Only the pictures are dropped; the lines of the material that follow are returned exactly.

::: MATERIAL PROVIDED :::

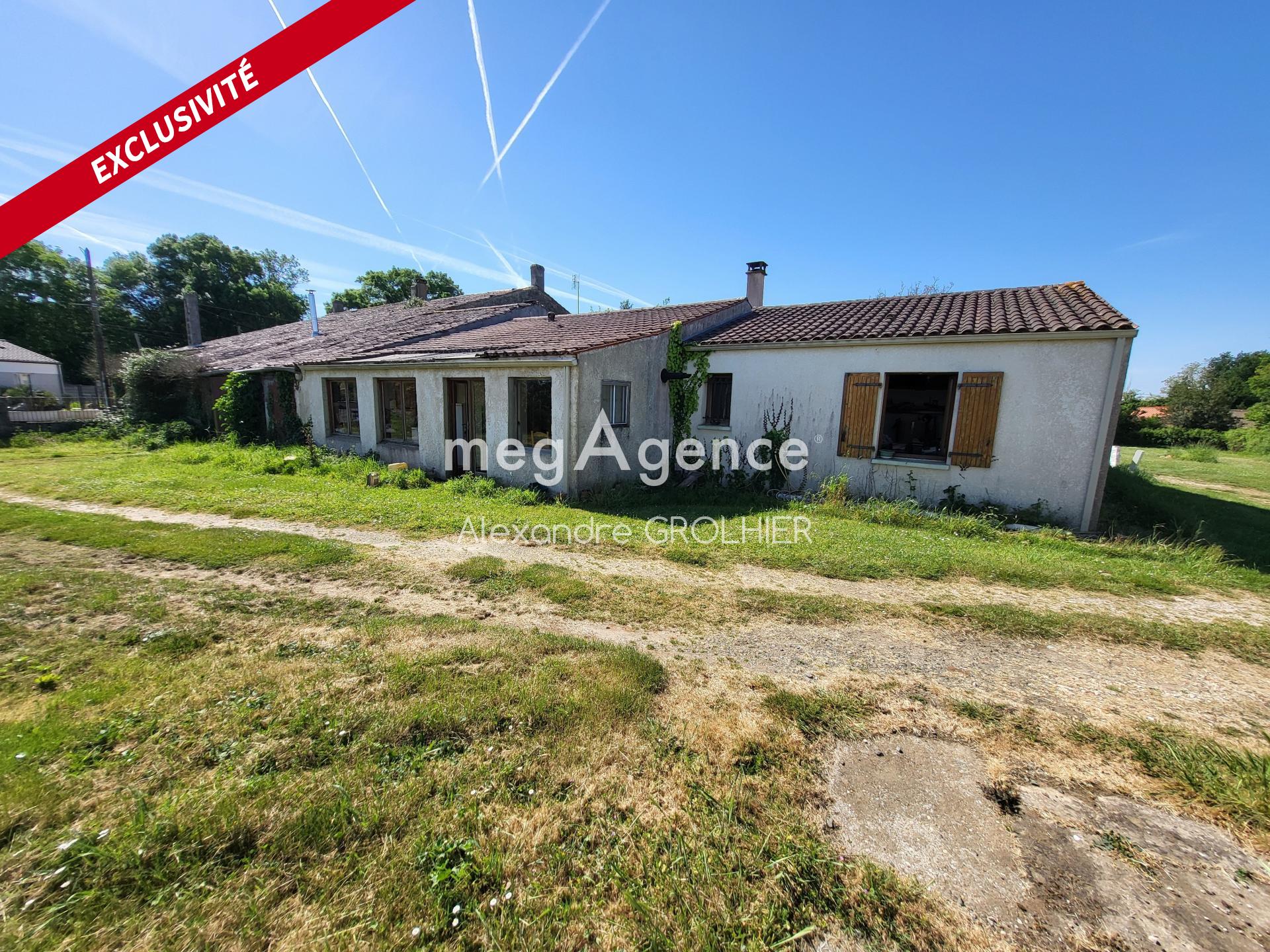 Maison 108m² — Rioux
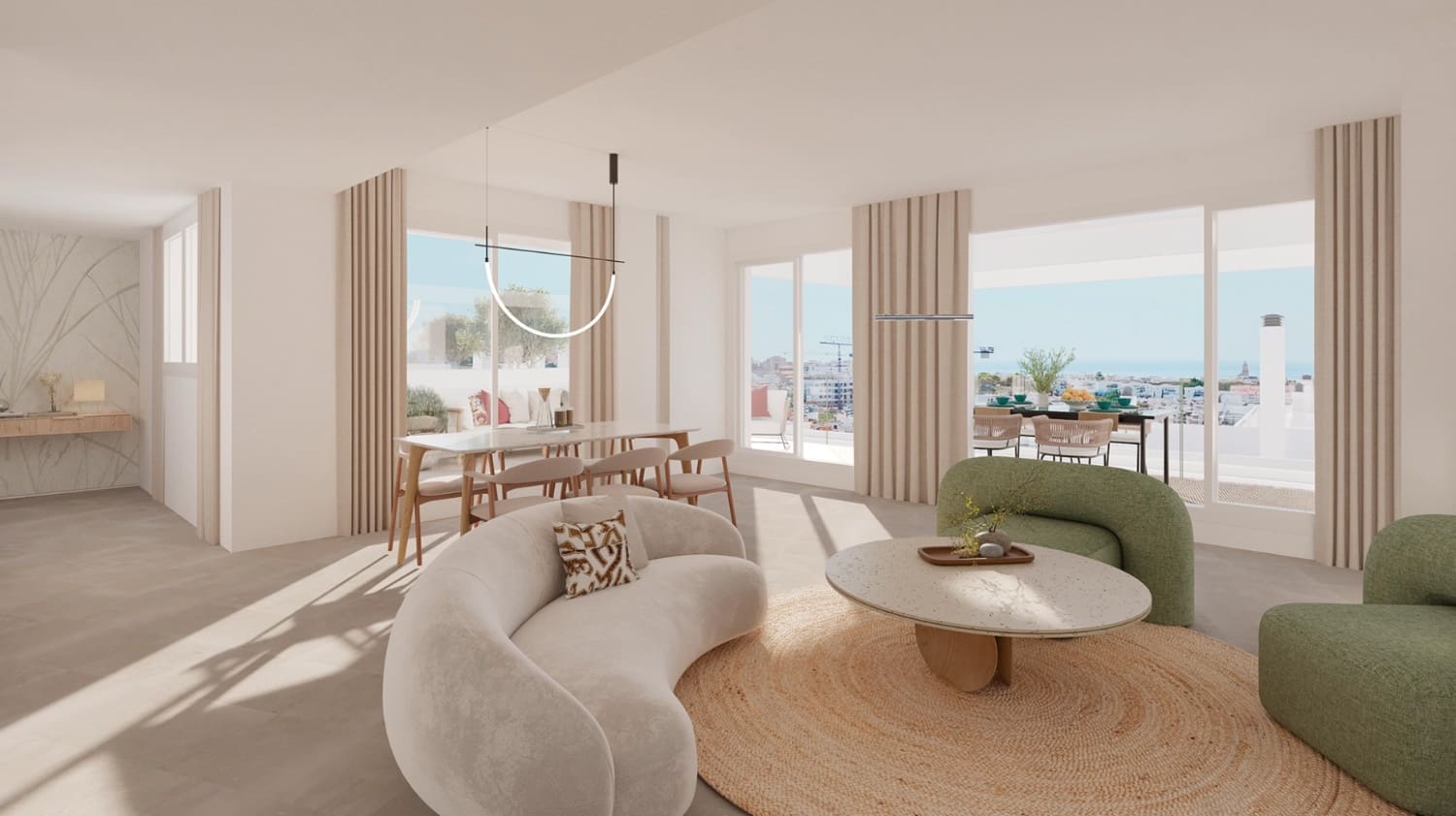 4 sovrum Radhus till salu i Estepona med pool garage - 795 000 € (Ref: 9562511)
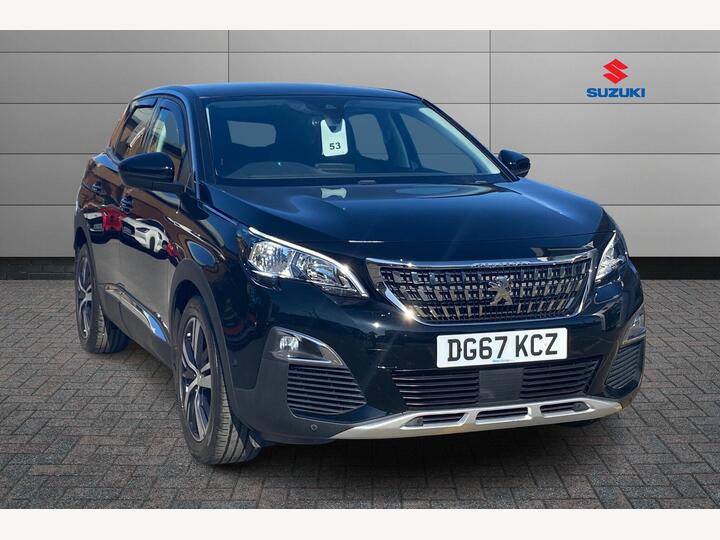 Peugeot 3008 1.6 BlueHDi Allure Euro 6 (s/s) 5dr Peugeot 3008 1.6 BlueHDi Allure Euro 6 (s/s) 5dr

:::

* **ANSWER TO THIS TASK**:
 Maison 108m² — Rioux
 4 sovrum Radhus till salu i Estepona med pool garage - 795 000 € (Ref: 9562511)
 Peugeot 3008 1.6 BlueHDi Allure Euro 6 (s/s) 5dr Peugeot 3008 1.6 BlueHDi Allure Euro 6 (s/s) 5dr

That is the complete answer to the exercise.